Ma poi ieri ho letto la sua lettera al Corriere della Sera e l’accusa a Filippo, di essere figlio di un sistema patriarcale era ribadita con anche maggior forza, riprendendo le tesi che da giorni va ripetendo la sinistra unita.

Il dolore è il dolore. C’è chi urla, chi piange, chi impreca, chi tace. Ognuno lo esprime come crede e nessuno ha diritto di stabilire cosa sia giusto. O che cosa sia meglio o peggio. Questo vale per le vittime o per i parenti delle vittime.

Ma un politico, un giornalista o anche solo un osservatore ha il dovere di non speculare su una tragedia. Di non usarlo per i propri fini cercando di trarne un vantaggio. Ecco, quando ho letto le dichiarazioni di alcuni onorevoli e di certi colleghi ho pensato a come fosse facile dare la colpa alla cultura patriarcale e quanto fosse semplice in questo modo sgravarsi la coscienza. Ma soprattutto ho capito che anche l’omicidio di Giulia, una ragazza innocente che ha avuto il solo torto di fidarsi e di cadere nella trappola di una persona a cui forse voleva bene ma che a sua volta le voleva male, poteva essere strumentalizzato dai tanti che dicono di essere dalla sua parte. Una strumentalizzazione che rischia di trasformarsi in una assoluzione per il suo assassino.

(…) Non so se quelli che si sono alzati in piedi alle parole di Elena, la sorella di Giulia, ma anche molti esponenti della sinistra, a cominciare da Elly Schlein, si sentano davvero colpevoli di un qualche reato.

Tuttavia, so che se tutti sono colpevoli, poi alla fine nessuno lo è. Se nessun uomo è buono, come ho sentito dire, fino a quando non ha denunciato l’ultimo Filippo Turetta sulla faccia della terra, denuncia che ovviamente deve essere preventiva e non presentata dopo un omicidio, vuol dire che tutti gli uomini sono complici e se sono complici in conclusione non è neppure del tutto colpa loro, ma della società che li ha cresciuti, educati e mal formati. È il sistema, ho sentito dire. Bisogna smantellare il sistema.

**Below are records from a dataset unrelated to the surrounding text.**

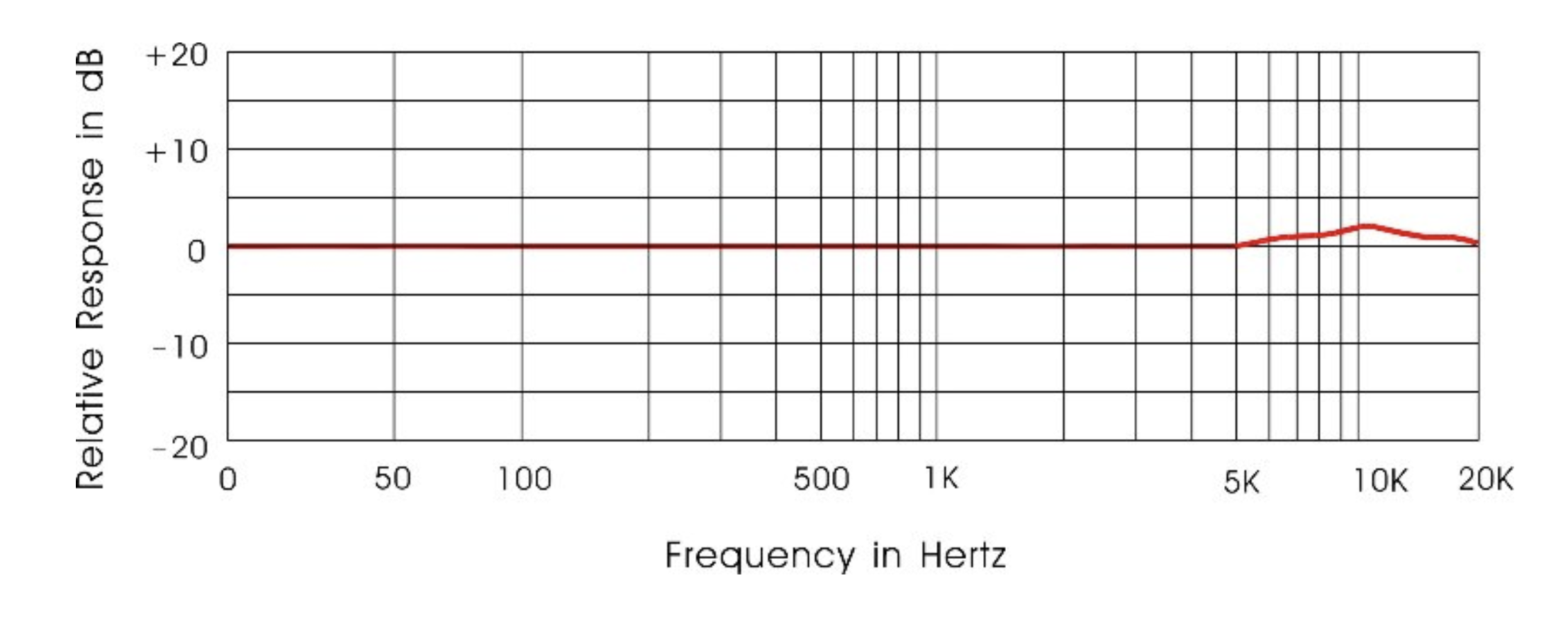rta-m-frequency-response.png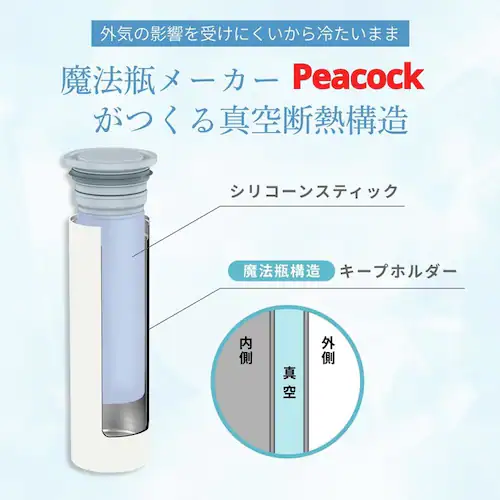 melket 氷のうカバー アイボリー_6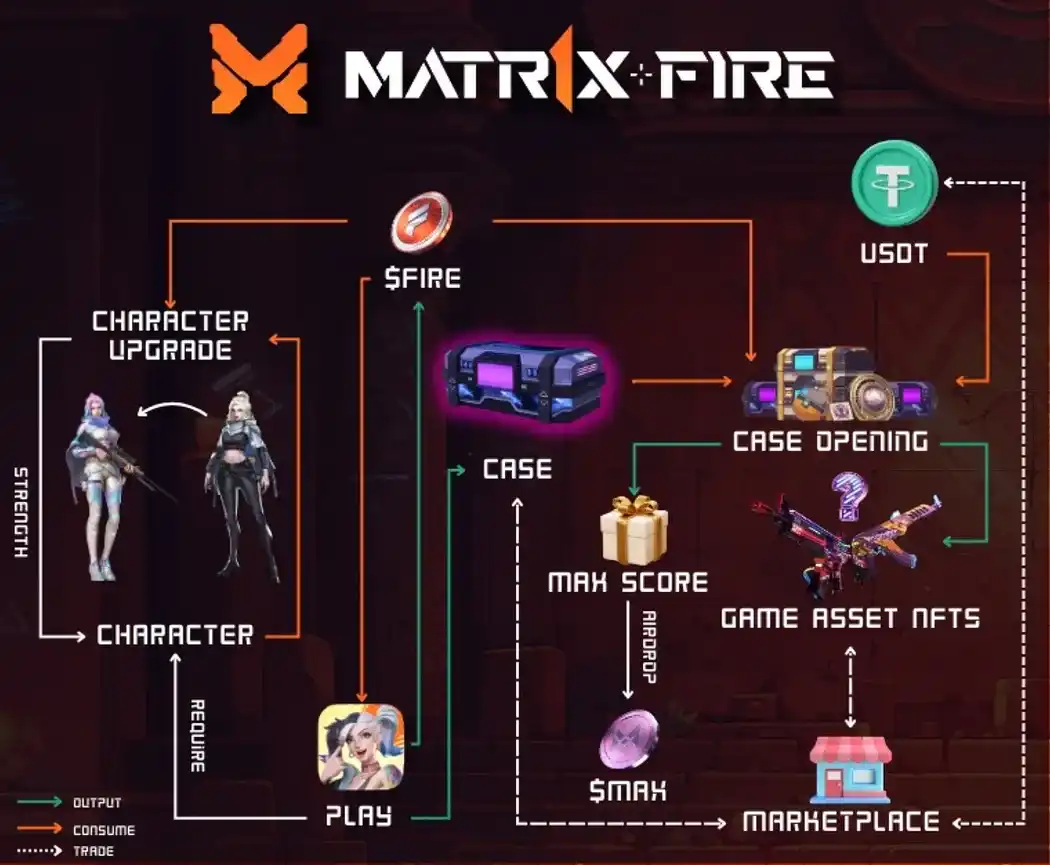 MATR1X「阿波羅計畫」:10萬美元的武器皮膚與電競，Web3遊戲向「大眾娛樂」進發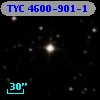 TYC 4600-901-1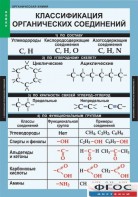 Комплект таблиц. Химия. Органическая химия. - fgospostavki.ru - Тихорецк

Ecco, quando invece che l’assassino si processa la società, il patriarcato, la scuola, la sentenza è già scritta e si tratta di un’assoluzione, perché il giudizio è contro ignoti. Non c’è Filippo Turetta a rispondere di aver rapito, picchiato e accoltellato Giulia per invidia o gelosia, per possesso o per odio: ci sono tutti gli stereotipi che una sociologia da due soldi produce in tv e sui giornali nel tentativo di spiegare la violenza di un assassinio.

No, il femminicidio di una ragazza di 22 anni che sognava solo di laurearsi, di trasferirsi in un’altra città per poter dar sfogo alla sua passione di disegnare fumetti e di dimenticare il dolore per la perdita della mamma, non è un omicidio di Stato, come si vorrebbe far credere. E nemmeno un delitto d’onore per la virilità di maschio offesa da un abbandono. No, non c’entra niente la scuola, dove per altro a impartire le lezioni sono in massima parte donne e non uomini. E non serve a niente far salire sul banco degli imputati un sistema che ha dato al sesso maschile «il privilegio e il potere», con l’obiettivo di condannarlo alla rieducazione.

Queste cose le può dire la sorella di Giulia, ovvero un parente della vittima, che ha tutto il diritto di urlare, di piangere, di imprecare, di odiare e anche di trovare una spiegazione sociologica all’omicidio. Ma non le possono dire i politici che sperano di cavare qualche utilità nella battaglia politica che conducono contro la parte contraria.
E nemmeno le può dire un giornalista, desideroso di un applauso in più o di un libro (venduto) in più: perché nessun luogo comune aiuterà le altre Giulia a difendersi. In compenso i luoghi comuni anestetizzano le coscienze, perché se hai già trovato nella società il responsabile non c’è bisogno di cercare altrove chi ha le mani sporche di sangue. Anzi, forse per quell’assassino si possono invocare le attenuanti: pochi anni e sei fuori se ti dichiari colpevole ma accusi la società patriarcale.